TASK REQUIREMENTS: Your task is to repeat exactly the lines below between the line holding "Ketengahkan pelapis baharu" and the line holding "- 63 m² 52 000 € *", inclusive, and only those.

TASK INPUTS:
________

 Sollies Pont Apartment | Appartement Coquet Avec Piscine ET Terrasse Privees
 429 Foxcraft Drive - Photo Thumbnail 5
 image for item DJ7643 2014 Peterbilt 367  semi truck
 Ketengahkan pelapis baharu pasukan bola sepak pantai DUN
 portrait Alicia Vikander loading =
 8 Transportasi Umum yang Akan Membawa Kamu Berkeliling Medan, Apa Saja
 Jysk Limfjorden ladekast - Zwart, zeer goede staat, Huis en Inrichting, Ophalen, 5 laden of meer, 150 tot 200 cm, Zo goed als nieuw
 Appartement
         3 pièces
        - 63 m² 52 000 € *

________

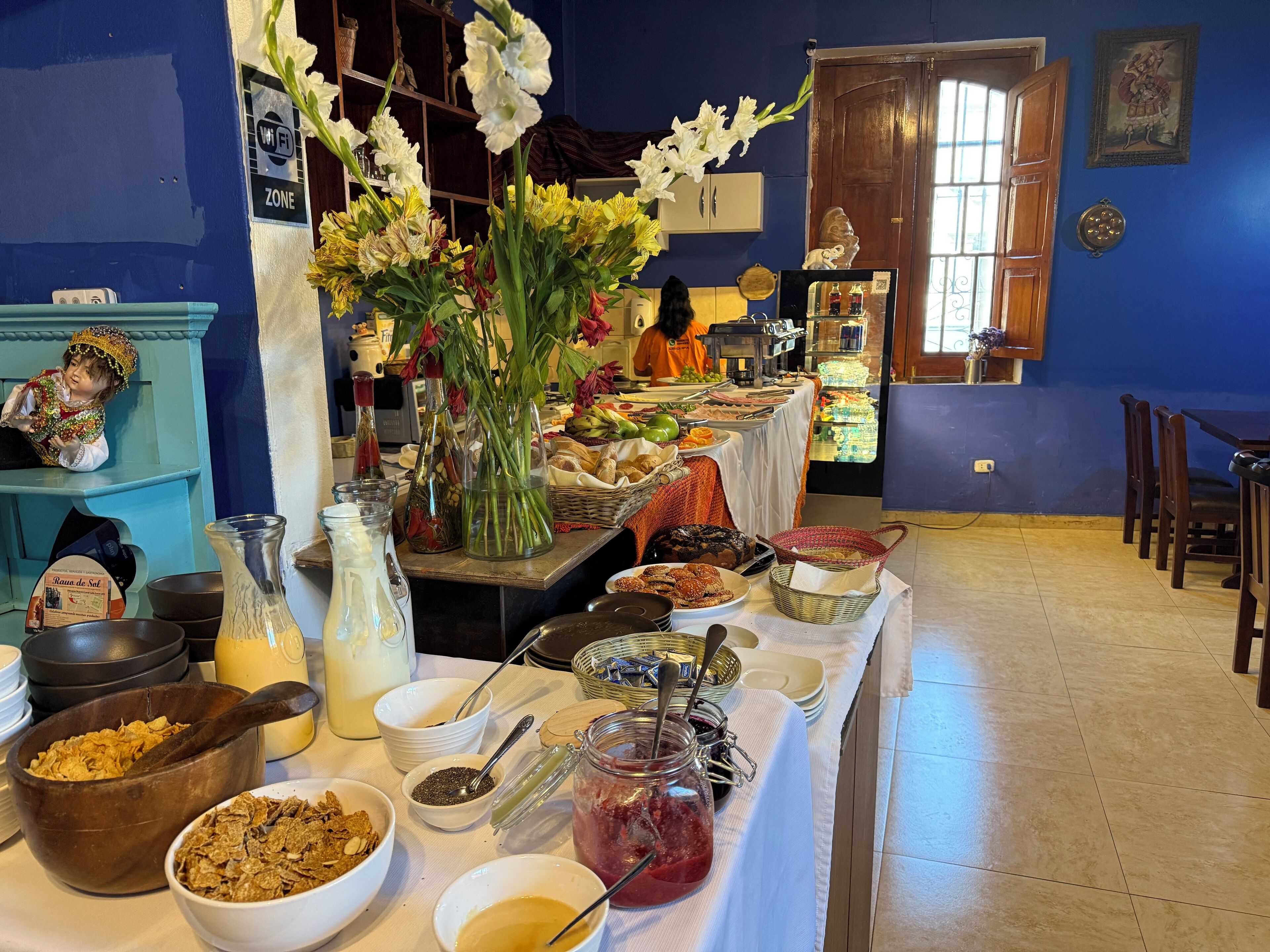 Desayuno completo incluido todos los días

________

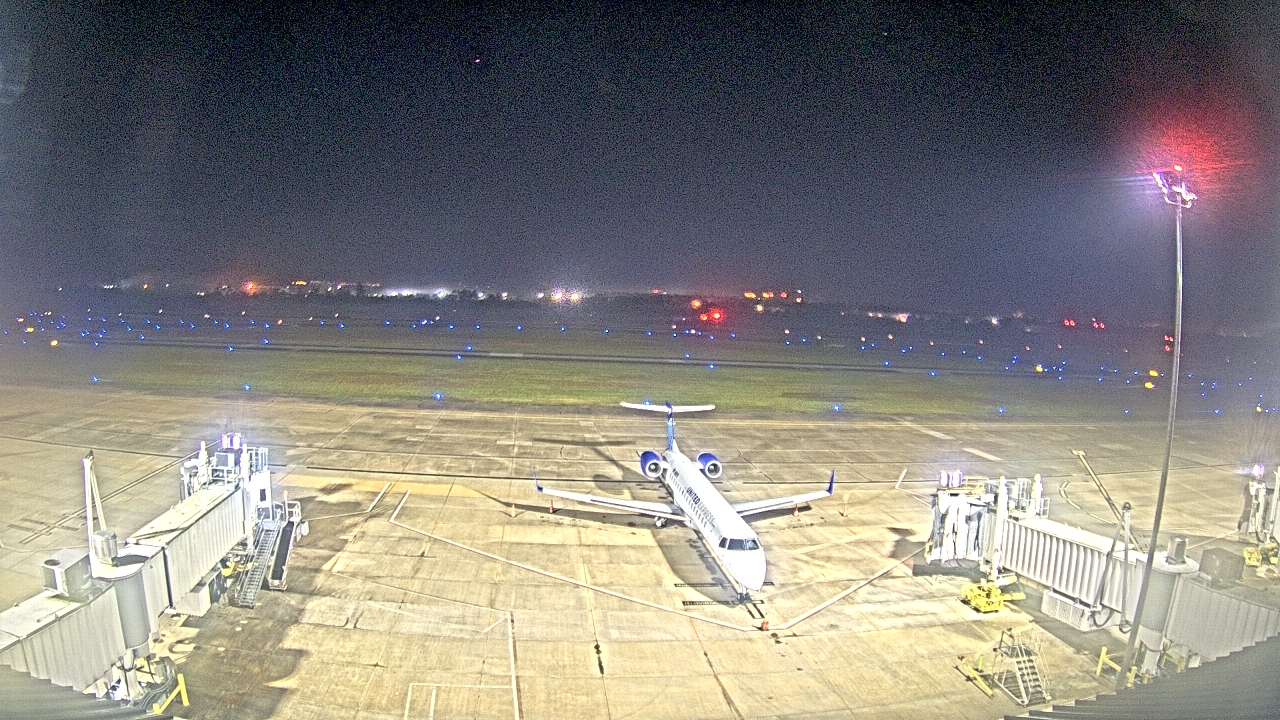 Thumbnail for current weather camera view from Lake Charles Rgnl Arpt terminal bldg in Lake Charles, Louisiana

________

TASK RESULT:
 Ketengahkan pelapis baharu pasukan bola sepak pantai DUN
 portrait Alicia Vikander loading =
 8 Transportasi Umum yang Akan Membawa Kamu Berkeliling Medan, Apa Saja
 Jysk Limfjorden ladekast - Zwart, zeer goede staat, Huis en Inrichting, Ophalen, 5 laden of meer, 150 tot 200 cm, Zo goed als nieuw
 Appartement
         3 pièces
        - 63 m² 52 000 € *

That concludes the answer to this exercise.